When the Lundbergs received the Town of Swiss' notice, they should have
made the connection and spotted the link between the Town of Swiss' notice and
their own notice of claim. At that
point, in spite of the fact that the name Danbury appears on official state
maps, road signs, fire department vehicles, and the firehouse itself, the
Lundbergs could no longer reasonably continue their assumption that the Danbury
Volunteer Fire Department was a separate legal entity that would be eventually
providing them a separate notice of claim disallowance. Rather, at that point, they failed to
exercise reasonable investigative diligence.

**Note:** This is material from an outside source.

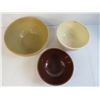 Image 2 : (3) Stoneware Bowls (slight chipping - Lg one is Medalta)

Parties are constructively on notice of the existence and location of
municipalities, and the failure to identify a town in a notice of claim
disallowance is no grounds to estop the town.

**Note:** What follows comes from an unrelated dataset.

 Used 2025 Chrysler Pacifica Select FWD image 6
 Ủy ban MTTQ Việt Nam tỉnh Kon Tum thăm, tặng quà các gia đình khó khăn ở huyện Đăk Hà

In sum, the trial court correctly refused to void the notice and estop
enforcement of the six-month statutory deadline.
Second, the Danbury
Volunteer Fire Department is not a separate legal entity with an obligation to
provide the Lundbergs a separate notice of claim disallowance. It does not have the attributes of a
separate legal entity. For example, it
receives all of its funds from the Town of Swiss. It has no independent revenue raising or proprietary powers. The record contains no evidence that the department
owns the equipment or buildings it uses.
The department is, in reality, a subdivision of the Town of Swiss. The fact that the department has its own
bylaws, holds monthly meetings with voting by its active membership, and elects
officers with some degree of authority to administer the department's funds,
does not make the department a de facto separate legal entity. The Town of Swiss has apparently delegated
these comparatively minor powers to the department for administrative
convenience. They do not free the
department from the Town of Swiss' ultimate control. In sum, the Lundbergs may not maintain a lawsuit against the
Danbury Volunteer Fire Department, either as a subdivision of the Town of Swiss
or as a de facto separate legal entity.
By the Court.—Judgment
affirmed.
This opinion will not be
published. See Rule 809.23(1)(b)5, Stats.